The outlook is not hopeful across East, Central and West Africa. Parliamentary discussions of similar laws are accelerating in places like Kenya, Burundi, Nigeria and Gabon. This is all the more troubling given that just 10 years ago, the African Union passed the monumental Resolution 275 on the “prevention and remedy of violence towards LGBT+ Africans” - and more recently Resolution 552 on the “protection of intersex people’s rights” in 2023 – all which show an acknowledgement of the existence of diversity within Africa.

We can however be comforted by recent legal developments in Southern Africa. In 2021, the Botswana Court of Appeal upheld a lower court 2019 decision to decriminalise consensual same-sex conduct. In 2017, Botswana recorded court wins for transgender people when two transgender cases seeking legal gender recognition were granted by the High Courts, thereby adding to countries like South Africa that have legal recognition and provisions for transgender and intersex people. Angola’s new penal code, revised from 1886, came into effect in January 2021 and no longer criminalises same-sex conduct. Recently in 2023, Mauritius joined other Southern African countries like South Africa, Botswana, Lesotho, Mozambique, Seychelles and Angola that have decriminalised consensual same-sex activity.

We are also seeing growing sympathy and sensitivity towards LGBT+ people within the Southern Africa region as seen with the handing down of a 10 year sentence on a hate-motivated rape case of a lesbian woman in Eswatini in 2023; there is the political buy-in and will to advance legal gender recognition applications for transgender people by the office of the Deputy Speaker of parliament in Lesotho; and the Supreme Court of Namibia handed down a monumental decision directing the government to recognise same-sex marriages registered outside of the country in 2023. 

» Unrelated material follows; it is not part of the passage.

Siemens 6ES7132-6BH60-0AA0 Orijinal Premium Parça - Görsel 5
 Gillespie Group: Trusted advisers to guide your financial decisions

Despite successful litigation it remains a harsh reality that legislators can still enact ever more stringent laws against LGBT+ people, and the contagion is now reaching countries where backlash has not been strong in the past. In Namibia, legislators reformed the Marriage Act to make it even more inaccessible to LGBT+ people in or wishing to enter into marriages following the Supreme Court ruling. Lawmakers in Botswana have resisted reforming the penal code despite the Court decriminalising homosexuality, and have not implemented a gender recognition policy or law despite the transgender court victories in 2017. South Africa, long seen as a leader on LGBT+ rights in the region, still has not passed a Hate Crimes & Hate Speech Bill first introduced in 2016, and the former president has recently expressed contempt for same-sex marriage - legal in the country since 2006.

Activists in Southern Africa are growing worried that countries like Zambia, Namibia and Malawi may be next to follow in the footsteps of Uganda and Ghana. The need for a collective effort by pro-LGBT+ legislators to translate some of the court wins for LGBT+ people into law and policy change could not be more critical.

At our ‘African Legislators for Equality’ event last year, the Global Equality Caucus launched a regional legislators’ network to help prevent backsliding on LGBT+ rights spilling into Southern Africa. Such networks of legislators who are like minded in the goal of advancing equality for all are very necessary platforms through which sustained change can be attained. There is need to have pro-LGBT+ legislators speak to their peers across the region about accountability on international, pan-African and national human rights commitments and standards, and we are proud to be facilitating these vital conversations.

Southern Africa needs more investment to fireproof it against this current wave of backlash and backsliding on human rights commitments, as it is the region with a growing body of case law, jurisprudence and developments on the protection of LGBT+ people’s rights. The role and power of legislators - for good or for ill - could not be made any more clear than the current wave of backlash and backsliding on LGBT+ people’s rights in Africa.